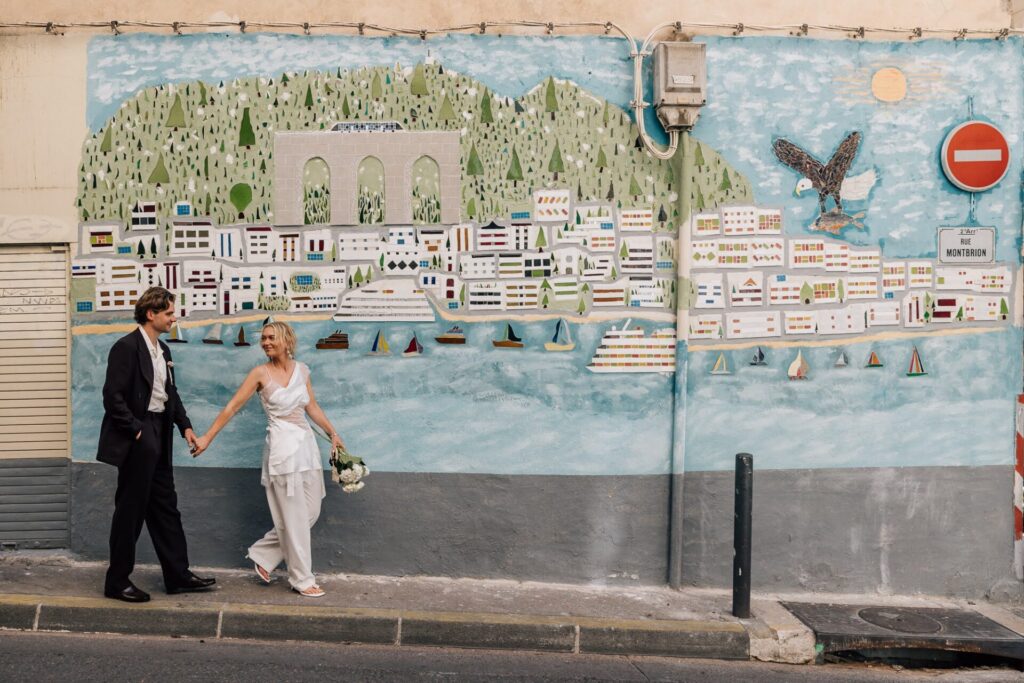 Couple se promenant devant une fresque murale dans le quartier du Panier à Marseille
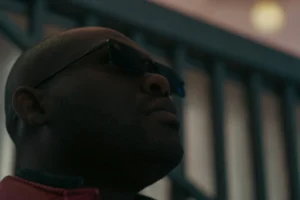 Don · 7008 x 4672 Cette photographie met en scène un homme comme sujet principal, cadré en gros plan. Il porte des lunettes de soleil et un vêtement rouge, avec une expression neutre ou légèrement concentrée. La composition est simple, axée sur son visage.La lumière semble douce mais contrastée, avec des ombres marquées sous ses yeux et sur son visage. Les couleurs dominantes sont les tons chauds (rouge, beige) et des teintes neutres. L’ambiance est sobre et légèrement dramatique, évoquant une atmosphère introspective ou cinématographique. Le style rappelle un plan typique de film ou de série.
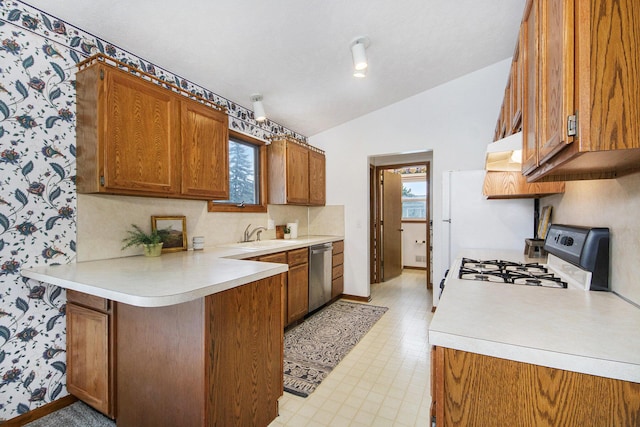 8728 Cottonwood Dr, Jenison, MI 49428 - kitchen featuring gas range, stainless steel dishwasher, lofted ceiling, brown cabinets, and light countertops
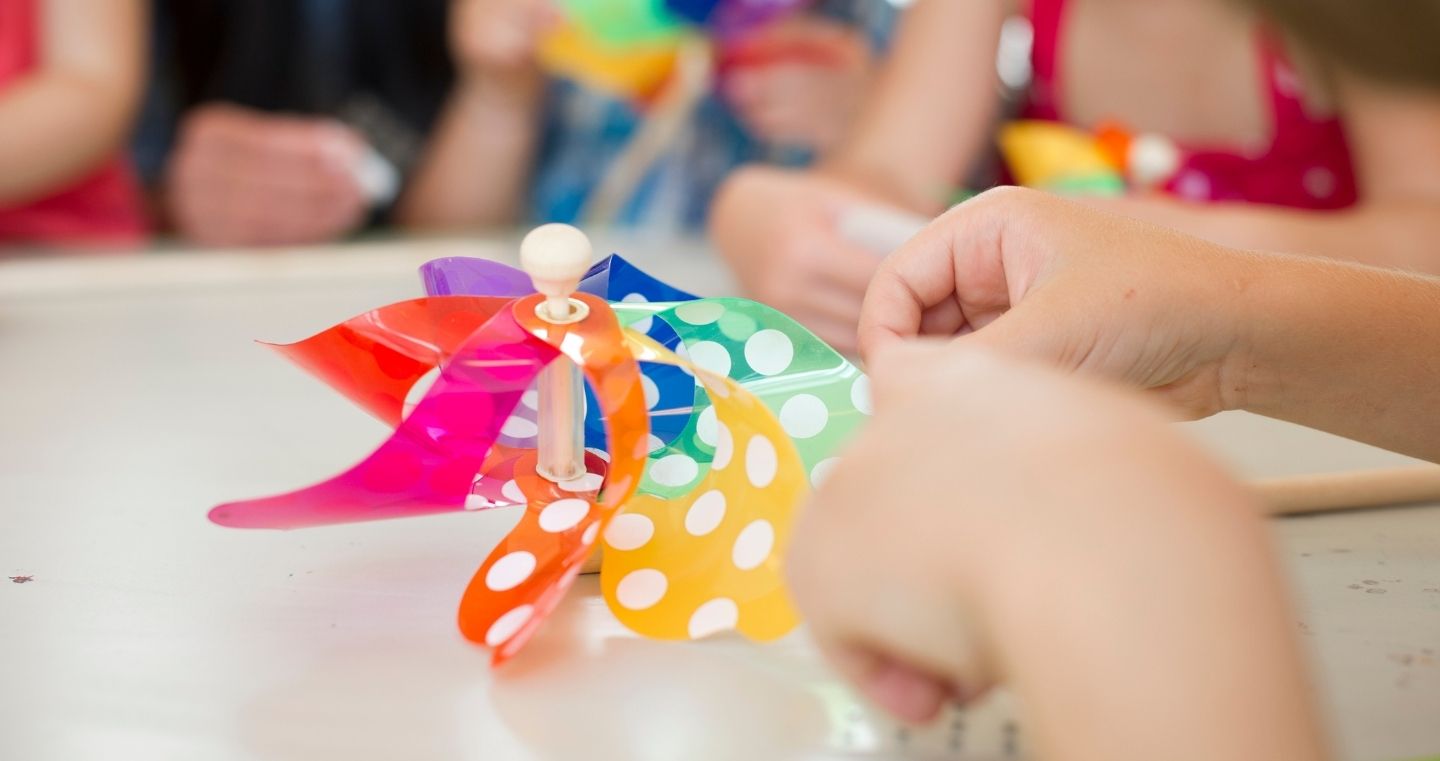 Kinderhände basteln ein buntes Windrad mit weißen Punkten während eines Kinderprogramms in den Swarovski Kristallwelten.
*-*-*
What you return must match the data above exactly, with no images included.

 Couple se promenant devant une fresque murale dans le quartier du Panier à Marseille
 Don · 7008 x 4672 Cette photographie met en scène un homme comme sujet principal, cadré en gros plan. Il porte des lunettes de soleil et un vêtement rouge, avec une expression neutre ou légèrement concentrée. La composition est simple, axée sur son visage.La lumière semble douce mais contrastée, avec des ombres marquées sous ses yeux et sur son visage. Les couleurs dominantes sont les tons chauds (rouge, beige) et des teintes neutres. L’ambiance est sobre et légèrement dramatique, évoquant une atmosphère introspective ou cinématographique. Le style rappelle un plan typique de film ou de série.
 8728 Cottonwood Dr, Jenison, MI 49428 - kitchen featuring gas range, stainless steel dishwasher, lofted ceiling, brown cabinets, and light countertops
 Kinderhände basteln ein buntes Windrad mit weißen Punkten während eines Kinderprogramms in den Swarovski Kristallwelten.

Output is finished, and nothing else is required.